The scholars liked him,—they could not help it, for his manner was as courteous as his nature was unselfish and kindly; and yet in their feeling for him there was a little strain of envy,—a slight disposition to blame him for the luxury and elegance to which he was born; and, because of his very courtesy, to underrate his courage and the real manliness of his character.
But there was one in whose eyes he was, from first to last, a hero. Jamie Strong was yet more delicate than young Shaftsbury. He had something the matter with one of his ankles, and could not join in the rough sports of the others. He was the only son of his mother, and she was a widow. Her husband and her other three children had all died of typhoid fever, and been, one after another, carried out of the little, lonesome cottage at the foot of the hill, where the sun seldom came, and now Jamie was the last.
He would never be strong enough to do hard work. Sowing, ploughing, mowing, harvesting,—he could never manage any of these; so for his weak limbs his quick brain must make up; and Widow Strong had determined that he should be a scholar,—a minister, if it pleased the Lord to call him to that; if not a teacher.
So she quietly struggled on to keep him at school, and to earn money to provide for future years of academy and college. She sewed, she washed, she picked berries,—she did any thing by which she could add a dollar to her hoard.
Jamie understood and shared her ambition, and studied with might and main. He was used to harshness and rudeness from stronger boys, and he had grown shy and shrunk into himself. To him the coming of my little gentleman was as grace from heaven.

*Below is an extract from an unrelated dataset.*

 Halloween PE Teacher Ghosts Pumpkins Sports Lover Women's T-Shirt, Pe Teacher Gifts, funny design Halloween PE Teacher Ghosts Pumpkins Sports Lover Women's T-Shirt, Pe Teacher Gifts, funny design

Here was one who never mocked at his feebleness, or his poverty,—who was always kind, always friendly, and who did many a little thing to make him happy. Young Shaftsbury on his part was quick to perceive the tender and loyal admiration of the other; and there grew between them the tie of an interest which had never been put into words.
It had been a damp and strange summer, intensely warm, even in that hilly region. It had rained continually, but the rains, which kept the fields green and made vegetation so unusually lush and ripe, had seemed scarcely to cool at all the fervid heat of the air. Wiseacres predicted much sickness. Indeed, several cases of slow fever were in the town already.

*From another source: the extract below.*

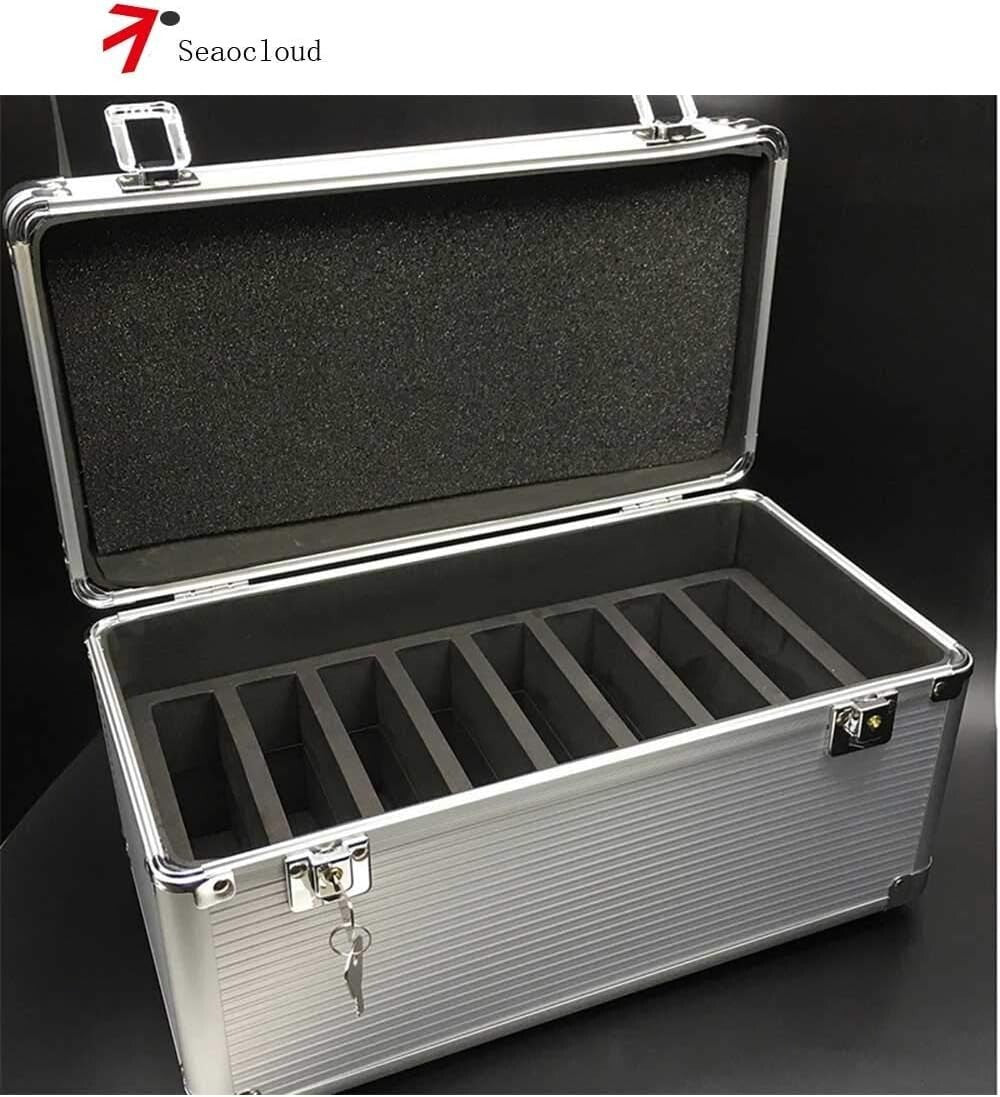 Durable Aluminum-Wrapped 10-Bay Storage Case for 3.5" HDDs - Lockable Design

One day my little gentleman looked about in vain for his friend Jamie, and finally asked for him anxiously, and found that the boy was ill of typhoid fever. At recess he heard the boys talking of it.

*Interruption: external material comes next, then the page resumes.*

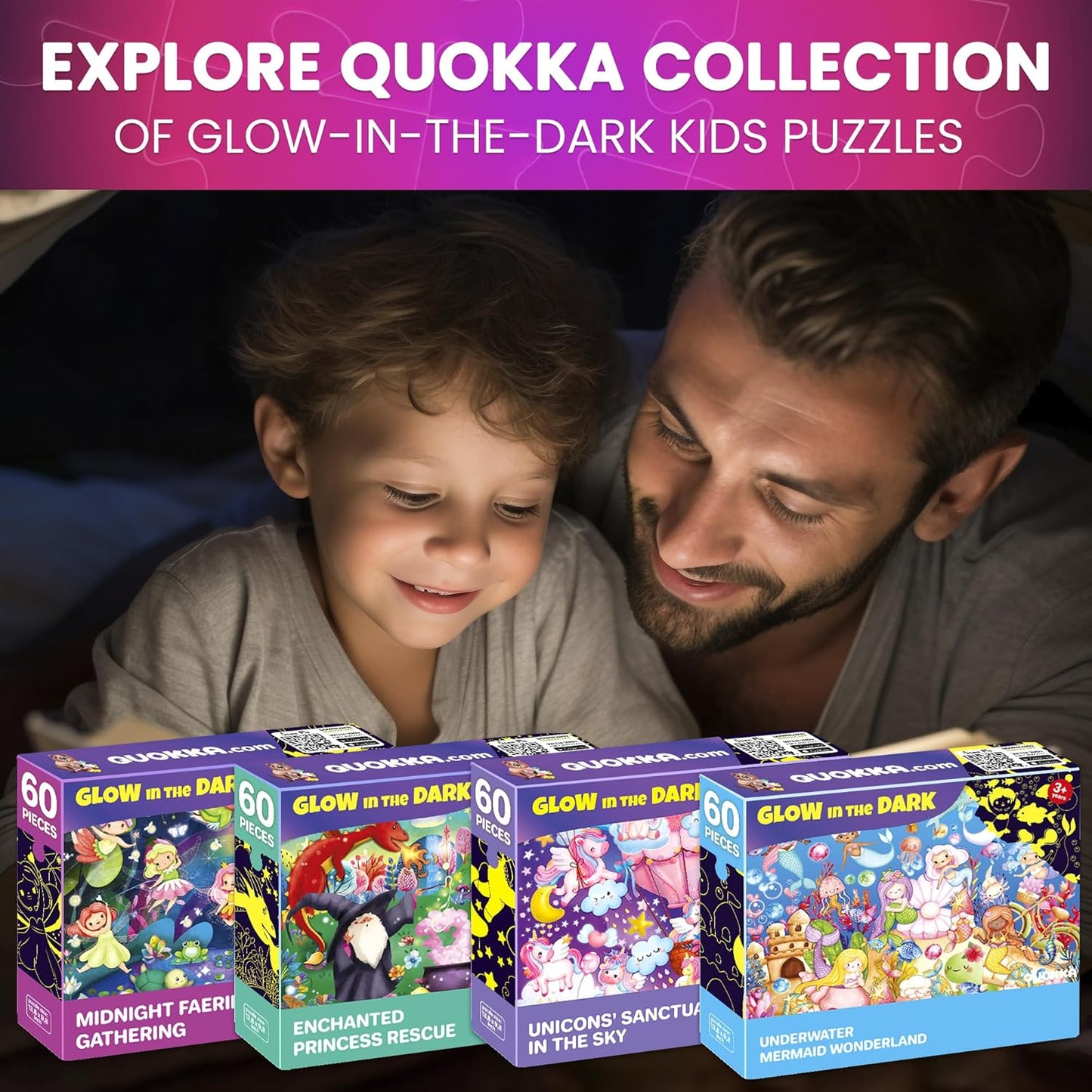 QUOKKA Puzzles for Kids Ages 4-6 - Set of 4x60 Jigsaw Puzzles for Toddlers 3-5 - Unicorn Princess Animals Toys for Children 6-8 yo - Gift Educational Game for Boys & Girls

"He'll never get well," one said. "His father died just that way, and his three brothers. You see it's damp, down in that hollow, and the sun hardly ever touches the house. I heard Dr. Simonds say it was ten to one against anybody who was sick there."
When school was over Robert Shaftsbury hurried home. He found his mother sitting, dressed all in white, in the music-room, playing a symphony on the piano, while his father sat a little distance off, listening with half-closed eyes. He waited until the piece was over, and then he told his story and preferred his request.